Серьезное внимание уделено теме трансграничного углеродного налога, который подразумевает введение с 2026 года платы за выбросы с компаний-импортеров в странах EC.

Екатерина Кузьмина
Эксперт российской ESG-повестки, президент Фонда сохранения и поддержки природного и культурного наследия «Эффект мамонта».
— Какие-то другие тренды устойчивого развития могли бы выделить?

— Сейчас мы наблюдаем тренд на природоподобные технологии в рамках экономики замкнутого цикла. Это способ серьезно повлиять на эффективность, сократить издержки производственных процессов за счет использования вторичного сырья или, например, современных технологий, позволяющих не только потреблять, но и вырабатывать электроэнергию.
— А какие инициативы в сфере устойчивого развития считаете наиболее актуальными?

— Например, «синие» облигации. Этот инструмент только начал формироваться, он направлен главным образом на решение проблем Мирового океана и прибрежных зон: очищение, сохранение и развитие биоразнообразия. Но проблематика «синей» экономики не исчерпывается проблемой океанов, ее надо рассматривать шире. Так, уже сегодня некоторые страны испытывают дефицит пресной воды и на первый план выходят проблемы сохранности озер, рек, водохранилищ.

В нашей стране «синяя» экономика развивается именно по такому, расширенному пути: значительная часть облигаций будет направлена на финансирование проектов, связанных с доступом к чистой питьевой воде. Это совершенно новая инициатива, и все ждут ее дальнейшего развития — с одной стороны, наш рынок пока не привык к подобным инвестициям, с другой — мы потихоньку готовим почву и рассчитываем на продажу «синих» облигаций по пониженной ставке.
— Есть ли проблемы устойчивого развития, которым уделяется недостаточное внимание?

— Например, адаптация к изменениям климата — тема действительно очень важная, есть серьезный запрос на связанные с ней проекты, но их пока не так много. Также, на мой взгляд, недооценена потенциальная проблема климатической миграции. Мы не первый год наблюдаем необычные явления, когда в традиционно жарких странах выпадает снег, а северные мегаполисы страдают от непривычной летней жары.

Как следствие, люди уже начинают менять места обитания. В какой-то момент — и это может произойти гораздо раньше, чем кажется — число климатических мигрантов может увеличиться до критической отметки, и что-то подсказывает, что к такому повороту событий сейчас не готова ни одна страна.
— Международные научные альянсы здесь могут чем-то помочь?
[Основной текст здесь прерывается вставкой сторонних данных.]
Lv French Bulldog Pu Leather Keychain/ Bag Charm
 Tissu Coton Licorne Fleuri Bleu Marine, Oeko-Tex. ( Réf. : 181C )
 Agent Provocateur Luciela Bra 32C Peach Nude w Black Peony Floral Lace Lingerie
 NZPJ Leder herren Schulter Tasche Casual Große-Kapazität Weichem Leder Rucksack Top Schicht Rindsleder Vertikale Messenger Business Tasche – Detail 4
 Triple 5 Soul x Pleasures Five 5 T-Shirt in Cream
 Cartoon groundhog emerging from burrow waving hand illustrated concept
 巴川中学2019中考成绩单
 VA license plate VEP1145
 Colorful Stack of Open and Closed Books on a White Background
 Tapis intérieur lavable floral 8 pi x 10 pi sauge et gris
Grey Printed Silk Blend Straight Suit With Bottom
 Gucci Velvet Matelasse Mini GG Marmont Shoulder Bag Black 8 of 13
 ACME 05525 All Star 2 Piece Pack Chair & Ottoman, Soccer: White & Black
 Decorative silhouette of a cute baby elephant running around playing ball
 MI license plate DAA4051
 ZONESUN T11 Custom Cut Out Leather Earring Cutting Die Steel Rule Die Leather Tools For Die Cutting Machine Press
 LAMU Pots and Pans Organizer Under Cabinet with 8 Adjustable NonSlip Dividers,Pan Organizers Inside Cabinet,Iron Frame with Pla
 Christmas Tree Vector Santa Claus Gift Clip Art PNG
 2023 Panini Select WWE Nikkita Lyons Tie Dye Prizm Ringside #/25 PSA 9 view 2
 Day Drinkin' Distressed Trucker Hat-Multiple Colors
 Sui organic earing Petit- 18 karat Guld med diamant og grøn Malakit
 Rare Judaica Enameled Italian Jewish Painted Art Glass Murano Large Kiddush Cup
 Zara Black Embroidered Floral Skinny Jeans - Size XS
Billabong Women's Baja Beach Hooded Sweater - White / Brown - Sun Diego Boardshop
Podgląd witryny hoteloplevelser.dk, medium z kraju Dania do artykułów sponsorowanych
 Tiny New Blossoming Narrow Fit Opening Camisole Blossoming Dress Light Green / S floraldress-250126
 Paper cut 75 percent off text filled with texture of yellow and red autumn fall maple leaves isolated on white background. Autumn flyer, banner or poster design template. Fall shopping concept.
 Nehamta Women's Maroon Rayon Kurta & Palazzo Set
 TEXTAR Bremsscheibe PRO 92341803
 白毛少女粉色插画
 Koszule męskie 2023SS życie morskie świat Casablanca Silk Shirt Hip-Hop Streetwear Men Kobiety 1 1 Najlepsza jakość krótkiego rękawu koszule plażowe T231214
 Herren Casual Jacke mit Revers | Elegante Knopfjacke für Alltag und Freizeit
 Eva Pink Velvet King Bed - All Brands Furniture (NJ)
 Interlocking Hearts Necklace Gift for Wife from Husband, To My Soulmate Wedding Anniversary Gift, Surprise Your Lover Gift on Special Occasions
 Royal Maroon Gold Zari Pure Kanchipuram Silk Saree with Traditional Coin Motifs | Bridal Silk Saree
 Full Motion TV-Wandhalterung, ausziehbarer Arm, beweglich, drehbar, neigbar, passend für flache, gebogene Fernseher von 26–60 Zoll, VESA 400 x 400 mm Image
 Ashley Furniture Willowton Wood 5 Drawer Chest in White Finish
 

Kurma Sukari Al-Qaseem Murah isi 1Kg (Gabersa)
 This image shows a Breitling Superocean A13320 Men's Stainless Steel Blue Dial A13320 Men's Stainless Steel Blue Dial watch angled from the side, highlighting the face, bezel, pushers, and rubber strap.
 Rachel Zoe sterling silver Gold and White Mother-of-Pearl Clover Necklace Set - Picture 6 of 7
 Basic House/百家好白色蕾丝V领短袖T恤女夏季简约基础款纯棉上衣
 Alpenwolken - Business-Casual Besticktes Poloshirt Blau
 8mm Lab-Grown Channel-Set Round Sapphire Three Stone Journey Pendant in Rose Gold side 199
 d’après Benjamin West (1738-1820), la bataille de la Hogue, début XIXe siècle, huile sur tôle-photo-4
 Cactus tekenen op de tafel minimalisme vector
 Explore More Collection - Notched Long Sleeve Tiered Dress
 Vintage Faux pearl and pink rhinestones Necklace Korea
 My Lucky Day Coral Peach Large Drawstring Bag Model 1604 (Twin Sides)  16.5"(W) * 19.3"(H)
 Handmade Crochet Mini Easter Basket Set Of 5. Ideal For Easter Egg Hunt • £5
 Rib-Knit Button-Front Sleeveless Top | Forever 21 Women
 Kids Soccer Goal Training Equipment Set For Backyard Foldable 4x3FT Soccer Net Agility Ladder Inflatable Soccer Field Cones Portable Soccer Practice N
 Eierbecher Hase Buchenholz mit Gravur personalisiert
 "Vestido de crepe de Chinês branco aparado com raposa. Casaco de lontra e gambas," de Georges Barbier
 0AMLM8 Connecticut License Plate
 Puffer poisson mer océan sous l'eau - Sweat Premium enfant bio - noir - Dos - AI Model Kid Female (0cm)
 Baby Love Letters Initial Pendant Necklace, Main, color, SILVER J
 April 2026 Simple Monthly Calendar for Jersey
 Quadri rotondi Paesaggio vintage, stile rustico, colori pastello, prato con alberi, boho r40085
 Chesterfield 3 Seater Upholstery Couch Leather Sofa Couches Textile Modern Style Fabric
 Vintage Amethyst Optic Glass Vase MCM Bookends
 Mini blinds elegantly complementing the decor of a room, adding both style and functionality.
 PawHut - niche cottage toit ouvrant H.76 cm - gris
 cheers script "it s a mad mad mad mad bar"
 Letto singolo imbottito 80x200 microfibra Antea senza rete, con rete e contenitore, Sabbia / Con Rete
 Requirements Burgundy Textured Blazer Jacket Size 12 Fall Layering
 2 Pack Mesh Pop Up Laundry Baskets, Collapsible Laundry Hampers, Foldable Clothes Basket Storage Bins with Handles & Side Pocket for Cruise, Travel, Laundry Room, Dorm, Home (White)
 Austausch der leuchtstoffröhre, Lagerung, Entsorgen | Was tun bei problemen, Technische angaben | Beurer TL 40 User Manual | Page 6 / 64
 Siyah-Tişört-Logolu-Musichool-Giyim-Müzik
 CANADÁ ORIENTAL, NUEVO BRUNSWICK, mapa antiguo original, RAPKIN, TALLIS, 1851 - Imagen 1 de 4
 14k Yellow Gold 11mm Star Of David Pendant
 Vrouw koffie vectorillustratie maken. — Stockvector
— Конечно, формат взаимодействия меняется. Если раньше мы ездили в экспедиции с учеными из других стран, привлекали их к совместным исследованиям, обменивались опытом, научными публикациями, то сейчас все это сошло на нет. При этом я много общаюсь с коллегами на международных мероприятиях в рамках БРИКС, ШОС и других объединений и понимаю, что встречи ученых в рамках климатической повестки могут создать предпосылки для улучшения политического климата между странами в целом.

Все это позволит сбалансированно реагировать на те или иные вызовы природы, реализовывать адаптационные инициативы. Дипломатическая миссия представителей науки как раз могла бы состоять в объединении для решения таких глобальных задач.
— Фонд «эффект мамонта» появился ровно по этой причине?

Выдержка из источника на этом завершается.